Nutritional quality and guidelines

Most of the papers (n = 10) [50,53,5558,65,67,72,74], discussed nutritional quality or guidelines; however, there was inconsistency in the markers of nutritional quality used. Measures included compliance with standards and guidelines, which differed by country for items such as content/ servings of fruit and vegetables, fish, whole grains, high fat meat and dairy, sodium content, energy, protein, fat, vitamins and minerals, fried dishes, red meat content, processed foods, pulses and starches, pastries and cakes, confectionary, desserts and added sugars. Two papers [66,67] specifically noted the difficulty in defining and accurately measuring nutritional quality within the complexity and practical difficulties of school food provision.

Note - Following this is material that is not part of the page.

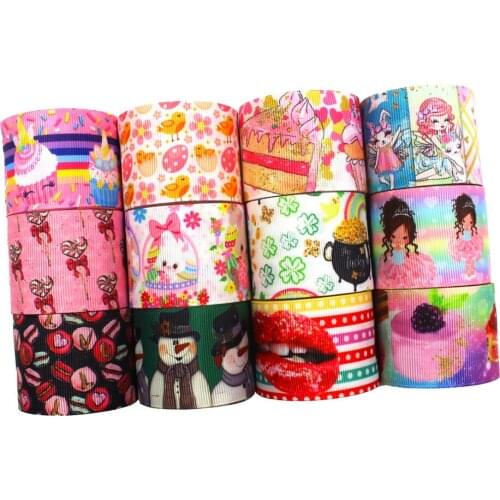 1-1/2‘’ Cartoon printed grosgrain ribbon, DIY handmade bow hair ornament decoration, clothes accessory ribbon I-19116-347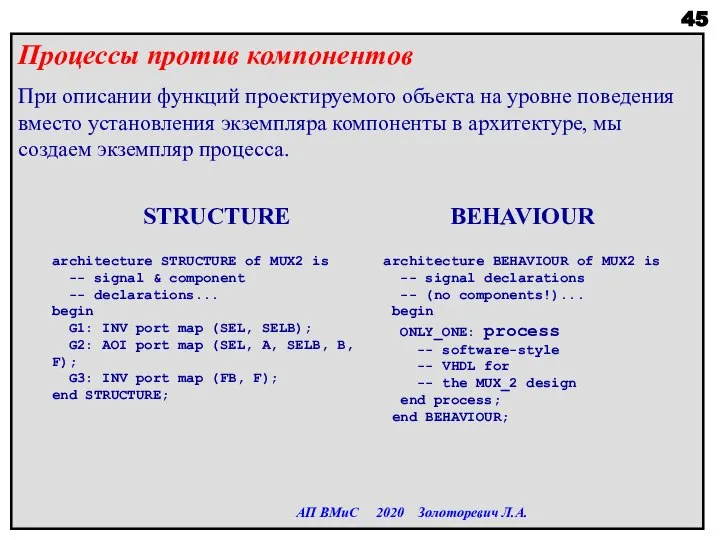 Процессы против компонентов При описании функций проектируемого объекта на уровне поведения вместо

Factors influencing the nutritional quality of meals in the different meal provision contract types were addressed in some studies, with in-house providers noted to be affected by a lack of resources, nutritional menu planning expertise and administrative flexibility and private contractors noted to be affected by contractual ambiguity, unsuitable selection processes and management burden [53,71]. However, the results relating to quality outcomes were also inconsistent. Three studies found no significant evidence linking the provision contract type with the markers of nutritional quality tested [50,56,74]. Three studies found that in-house facilities performed better than outsourced catering. One related to reduced sodium levels through replacing ‘heat and serve’ models with scratch cooking [65]. Two found that outsourced caterers had higher levels of operating, contract management, and overhead costs and an overall focus on reduced costs which led to including less of the expensive foods such as fruit and vegetables [53,72].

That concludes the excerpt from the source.